Emerdata was incorporated in the UK in August 2017 and registered under the same address as Cambridge Analytica in London’s Canary Wharf. The board of directors includes Rebekah and Jennifer Mercer, daughters of the hedge-fund billionaire and primary Cambridge Analytica investor Robert Mercer. Both were appointed to the board on March 15.
Alexander Nix, the Cambridge Analytica CEO who was suspended after he was taped boasting that the firm employed bribery and extortion on political candidates, was originally listed as a director of Emerdata. But he resigned on March 28 and was replaced by Alex Tayler, Cambridge Analytica’s chief data officer and acting CEO.
Nix had also registered a company called Firecrest Technologies but resigned and was replaced there by Tayler on March 7.
On Medium, journalist Wendy Siegelman compiled an org chart of Emerdata, illustrating how several of the Cambridge Analytica principals are involved. They include Julian Wheatland, chairman of Cambridge Analytica parent firm SCL Group, and Trump supporter Erik Prince, founder of Blackwater and brother-in-law of Education Secretary Betsy DeVos.
On March 23, the UK’s Channel 4 News reported that Emerdata was set up to acquire Cambridge Analytica and its parent company SCL Group, according to Nigel Oakes, founder of SCL. In the Wall Street Journal on Wednesday, Oakes said that both SCL Group and Cambridge Analytica were “closing down.”
The timing of the “shutdown” may have something to do with ongoing hearings in the UK’s Parliament about Facebook and Cambridge Analytica, and whether the company helped bad actors interfere in the Brexit referendum. On Wednesday, a data expert testified that Cambridge Analytica used psychological insights derived from Facebook in the Trump campaign.

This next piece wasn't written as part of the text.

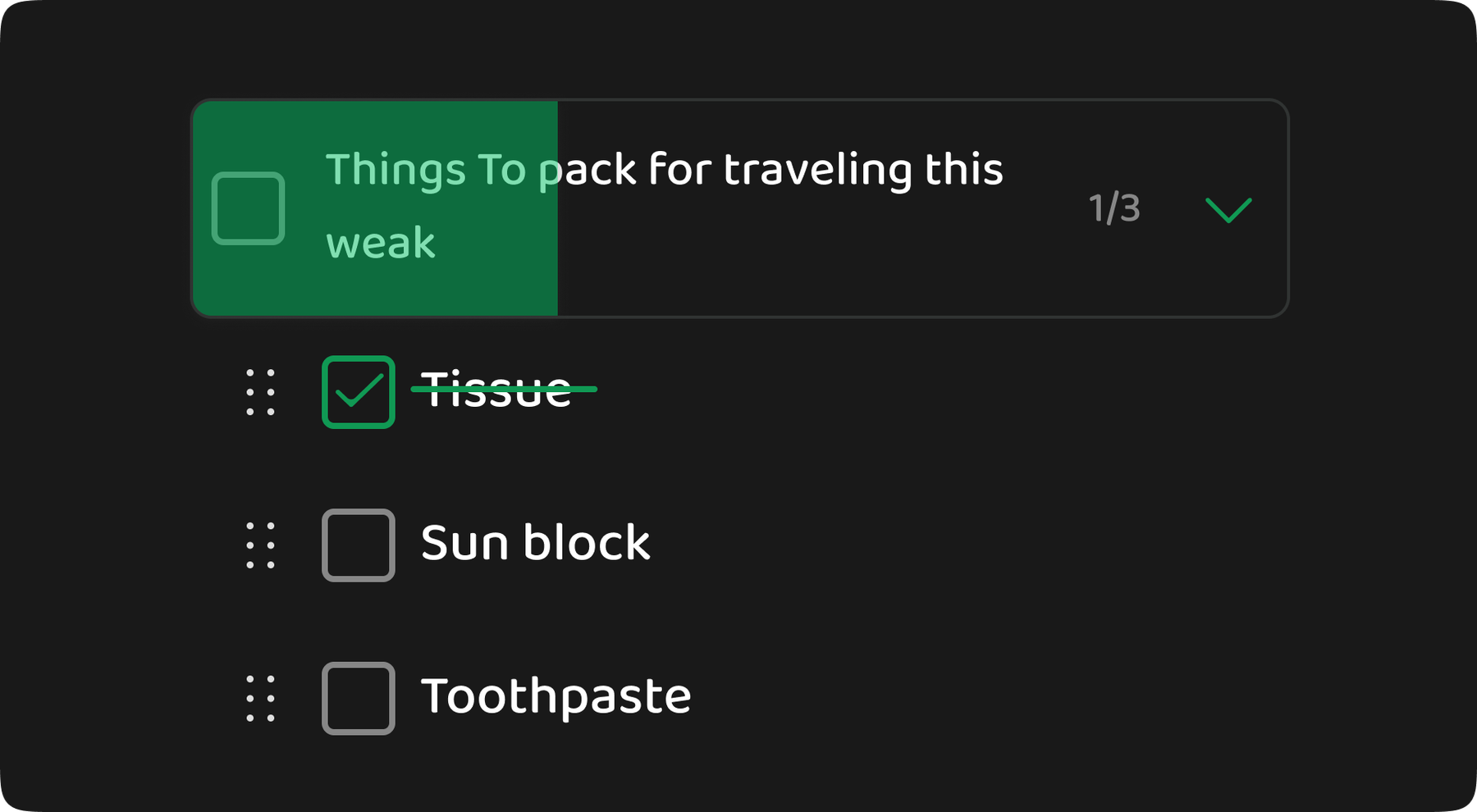 Memory Chat Checklist Memory Box UI preview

Also on Wednesday, Guardian reporter Carole Cadwalladr shared a screenshot of a legal letter the Guardian had been sent by Cambridge Analytica earlier in the year, which stated that the company had “no employees and very few assets” — that it was, in essence, a shell company.

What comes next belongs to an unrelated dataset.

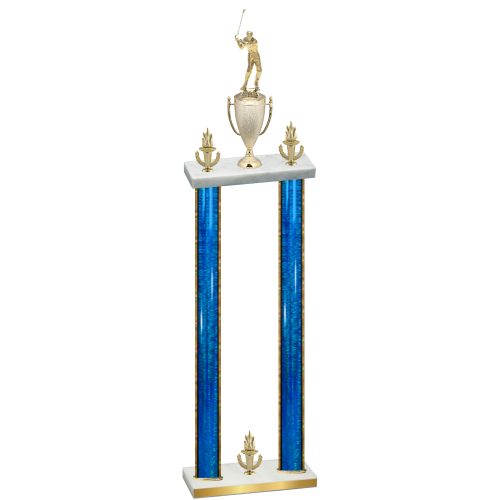 Double Blue Glacier Victory Golf Trophy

In addition to primarily funding Cambridge Analytica, Robert Mercer funds the Make American #1 PAC, which paid Cambridge Analytica $1.5 million during 2015 and 2016. In March, the Washington Post reported that future presidential adviser and Breitbart chairman Steve Bannon oversaw Cambridge Analytica’s data collection and had tested Trump slogans such as “drain the swamp” and “deep state” well before Trump deployed them during the campaign.